--%>

Wage Flexibility

An assumption regarding purely competitive labor markets to make sure market clearing is which: (w) firms maximize profit. (x) individuals and households maximize utility. (y) wages and prices are flexible. (z) trade unions engage in collective bargaining.

Can anybody suggest me the proper explanation for given problem regarding Economics generally?

   Related Questions in Managerial Economics

  • Q : HW Hello, Would you please find a small

    Hello, Would you please find a small case study in managerial economics. please I don't want the typical solution because the prof have it. thanks

  • Q : States the term Demand Analysis States

    States the term Demand Analysis?

  • Q : Substitution Effect within Supply of

    When wage rates rise above $25 per hour in this figure given below, in that case the: (1) worker works more diligently to ensure that she keeps her job. (2) employer pays an excessively high efficiency wage. (3) income effect exceeds the substitution

  • Q : Diminishing Marginal Productivity of

    Workers tend to be less productive at the margin like they work along with increasingly huge amounts of: (w) physical capital. (x) personal human capital. (y) technology which makes them narrow specialists. (z) labor from other people on an assembly line.

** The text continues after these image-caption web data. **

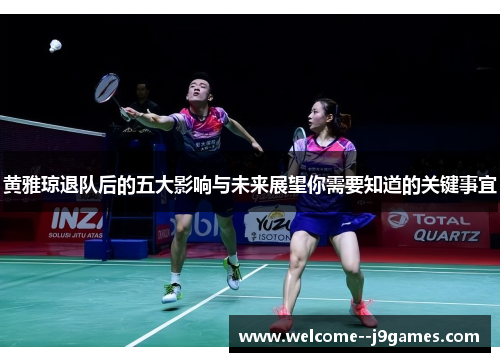 黄雅琼退队后的五大影响与未来展望你需要知道的关键事宜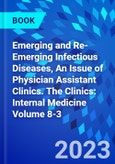Emerging and Re-Emerging Infectious Diseases, An Issue of Physician Assistant Clinics. The Clinics: Internal Medicine Volume 8-3- Product Image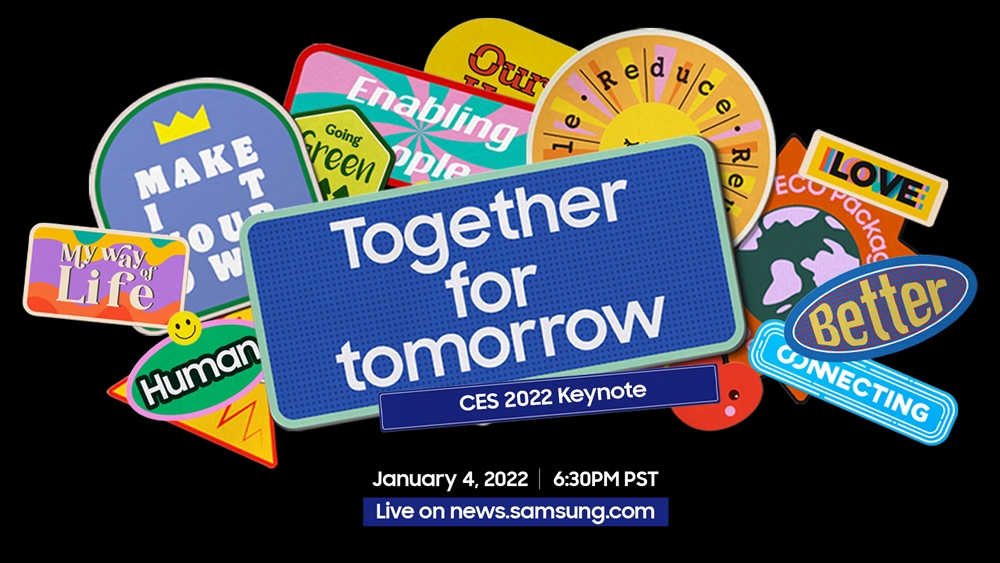 Together for tomorrow ces 2022 Keynote January 4. 2022 / 6:30 PM PST Live on news.samsung.com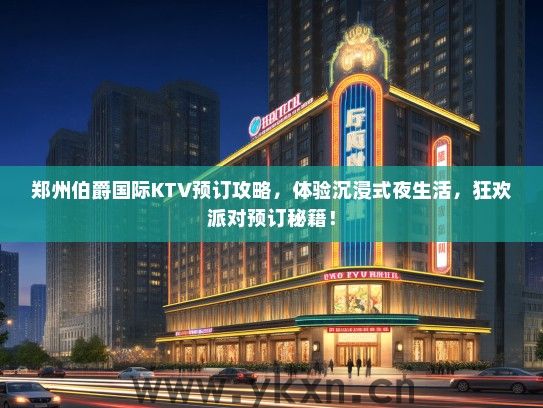 郑州伯爵国际KTV预订攻略，体验沉浸式夜生活，狂欢派对预订秘籍！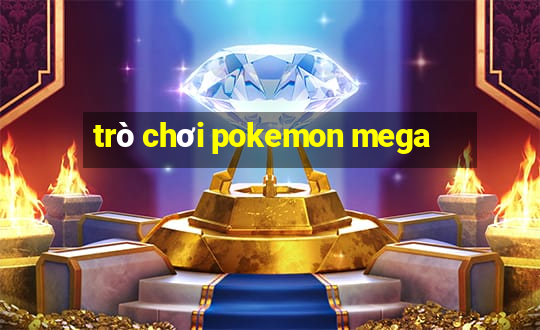 trò chơi pokemon mega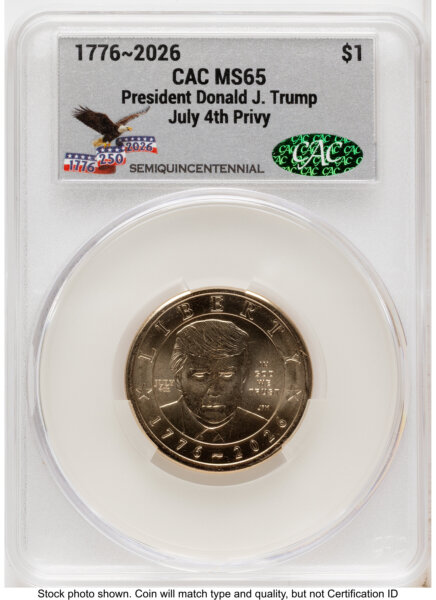2026 Semiquincentennial President Donald J. Trump $1 (Privy Mark) America 250 Eagle with Banner Label 65 CACG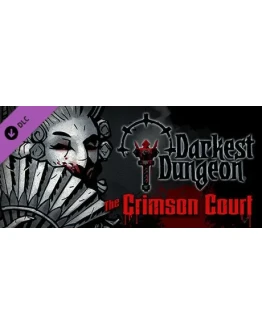 Darkest Dungeon: The Crimson Court DLC * STEAM RU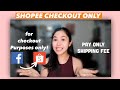 Using SHOPEE for Checking OUT items only : GUIDE 2021 ✨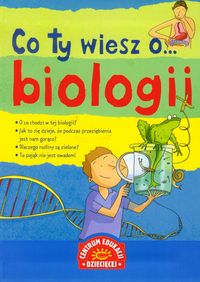 Książka - Co ty wiesz o biologii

  • Q : Offsets the amount of revenue to added

    Profit maximizing firms will adjust their employment of labor till the last employee hired adds: (w) more to the firm’s revenue than this adds to cost. (x) more to the firm’s cost than this adds to the firm’s revenue. (y) an amount o

  • Q : Illustrates the plethora of definitions

    Illustrates the plethora of definitions regarding subject matter of economics?

  • Q : Describe the Long term Demand

    Describe the Long term Demand Forecasting.

  • Q : Elasticity of the supply possible

    When Chandra and Morgan are identically skilled and every can decide the number of hours she works as: (w) the elasticity of Morgan’s labor supply exceeds the elasticity of supply for Chandra’s labor at each possible quantity of labor. (x) Morgan’s i

  • Q : Marginal Product of Labor Diminishing

    Diminishing returns to labor or questions of monitoring and coordination start to overwhelm any gains by specialization and division of labor within this graph at: (1) point a. (2) point b. (3) point c. (4) point d (5) point e.

  • Q : Where managerial economics treat as a

    Where managerial economics treat as a tool? Answer: Managerial economics is like a tool for decision making and forward planning.